Certain language appears to have been softened between Eurofins’ preliminary and final reports.

For example, in the preliminary analyses, Eurofins repeatedly noted that the sampling issues had an “unknown” impact on the final data.

That language does not appear in the final reports. Instead, on one of the samples that had an air bubble in it, the lab listed 11 separate contaminants under “parameters affected.” On that list is butyl acrylate — one of the chemicals that spilled and burned in the fiery derailment. The organic compound is used to make adhesives and paint, and exposure can cause headaches, dizziness, nausea and vomiting.

Norfolk Southern and Eurofins did not respond to HuffPost’s requests for comment about the final reports. Eurofins previously declined to comment, citing contractual obligations and confidentiality for its client.
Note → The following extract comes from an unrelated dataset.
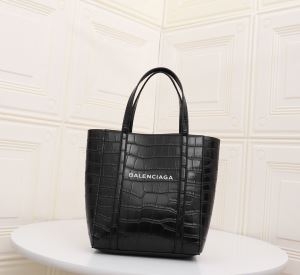 デザインがより印象的 BALENCIAGA ショルダーバッグ レディース バレンシアガ バッグ 人気 コピー 黒 ロゴ デイリー 最低価格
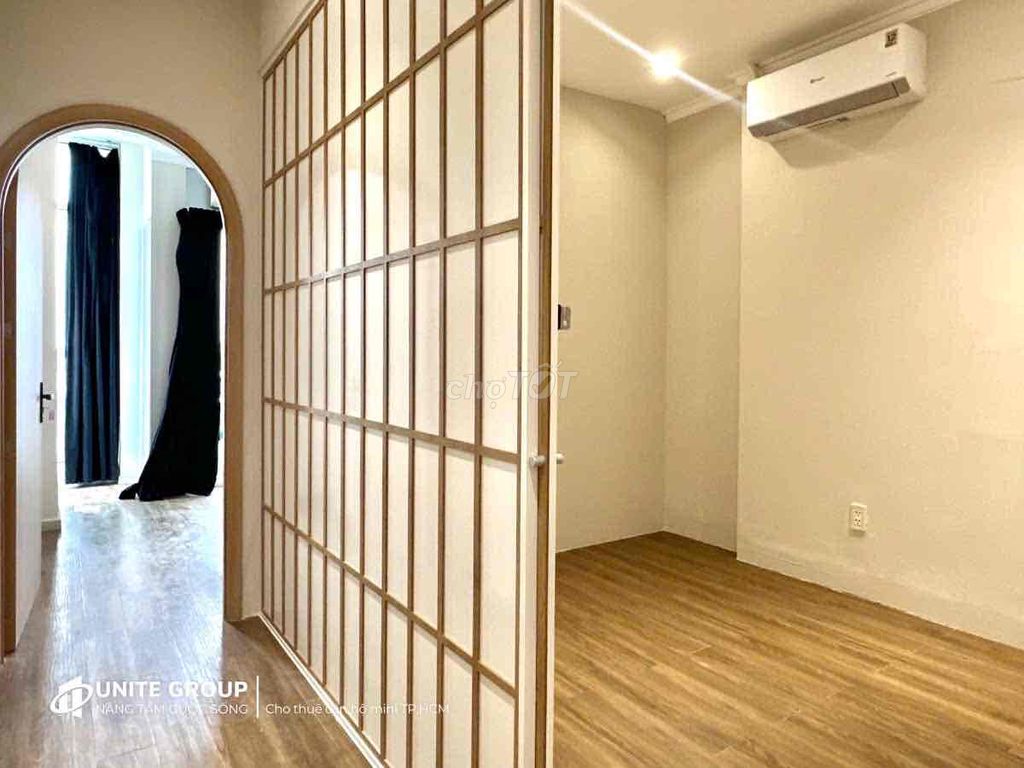 Right on the line - 2 Bedrooms District 1 - 4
On Tuesday, DeWine twice skirted questions about Norfolk Southern’s involvement in testing the water in East Palestine and what sampling results the state relied on to initially declare the municipal system safe.

“Yes. We’re testing independently,” DeWine said at a press conference.

That was true — as of about two hours prior.

The Ohio EPA confirmed Tuesday that it had begun its own testing of the East Palestine municipal water system earlier that day and expects results back from an independent lab within a week. In a newly updated information page on its website, the state agency notes that it is supervising the railroad contractor’s sampling.

“We will continue to test,” Lee, the agency’s spokesman, said Wednesday. “All indications thus far show that the drinking water meets all federal health and safety standards. East Palestine’s public drinking water is safe. Long-term monitoring will allow Ohio EPA to identify any potential impacts to the water supply.”